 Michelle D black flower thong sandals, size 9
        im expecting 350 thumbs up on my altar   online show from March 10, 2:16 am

* * *

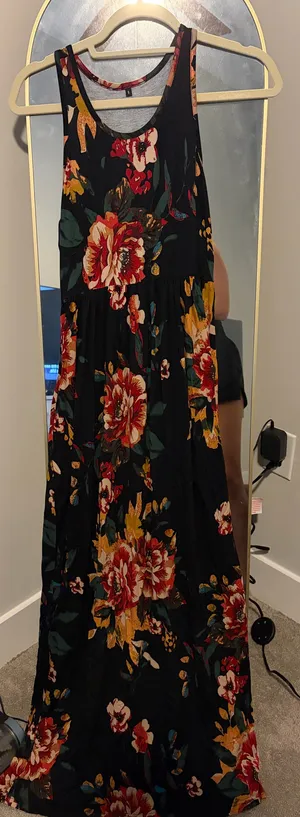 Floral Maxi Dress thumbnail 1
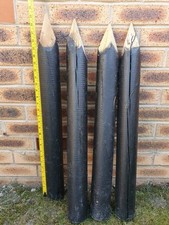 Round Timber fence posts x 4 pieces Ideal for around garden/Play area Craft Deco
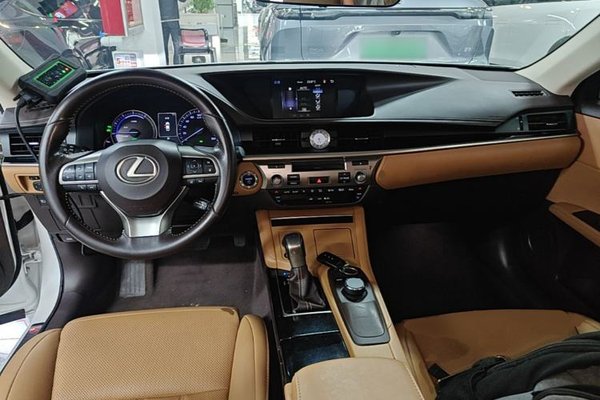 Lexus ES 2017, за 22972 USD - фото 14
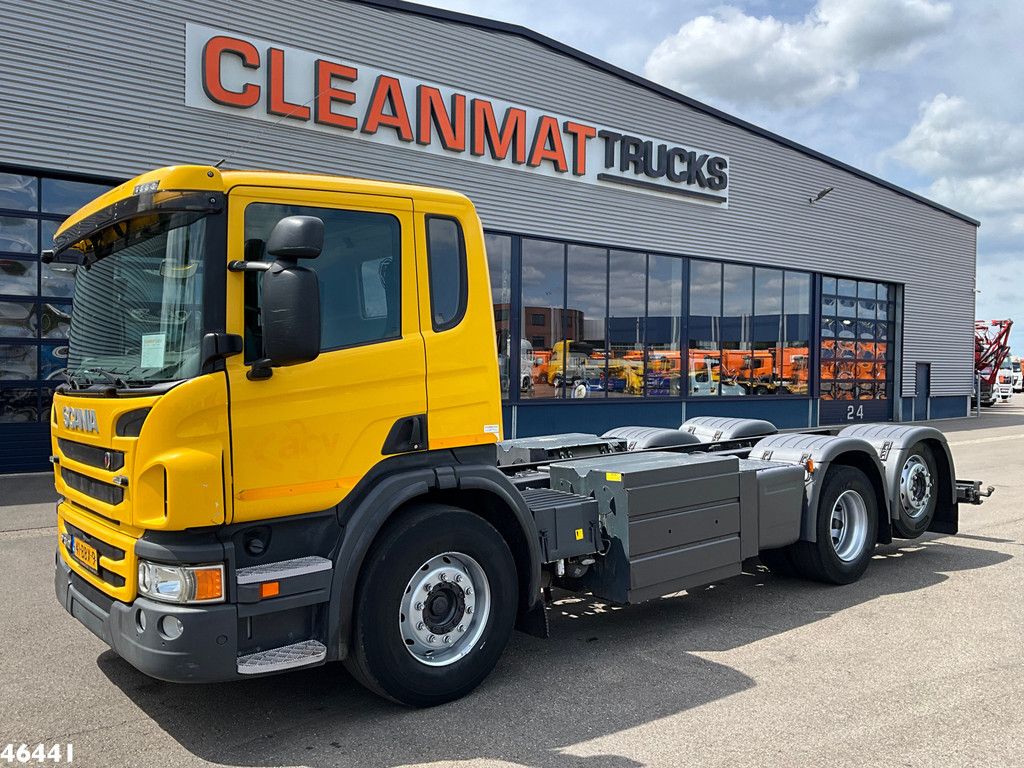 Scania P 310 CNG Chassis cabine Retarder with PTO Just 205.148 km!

---

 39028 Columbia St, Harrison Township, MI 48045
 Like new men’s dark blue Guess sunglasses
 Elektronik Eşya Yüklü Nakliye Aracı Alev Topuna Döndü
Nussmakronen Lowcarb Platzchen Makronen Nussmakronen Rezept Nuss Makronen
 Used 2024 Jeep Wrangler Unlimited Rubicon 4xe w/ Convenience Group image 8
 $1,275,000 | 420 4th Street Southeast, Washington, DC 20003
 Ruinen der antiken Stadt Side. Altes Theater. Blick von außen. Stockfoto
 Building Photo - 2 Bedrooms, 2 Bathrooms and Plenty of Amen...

### How to complete this task:
Of all the entries above, output exactly the lines between the one holding "Used 2024 Jeep" and the one holding "Building Photo - 2", inclusive.

### Result:
 Used 2024 Jeep Wrangler Unlimited Rubicon 4xe w/ Convenience Group image 8
 $1,275,000 | 420 4th Street Southeast, Washington, DC 20003
 Ruinen der antiken Stadt Side. Altes Theater. Blick von außen. Stockfoto
 Building Photo - 2 Bedrooms, 2 Bathrooms and Plenty of Amen...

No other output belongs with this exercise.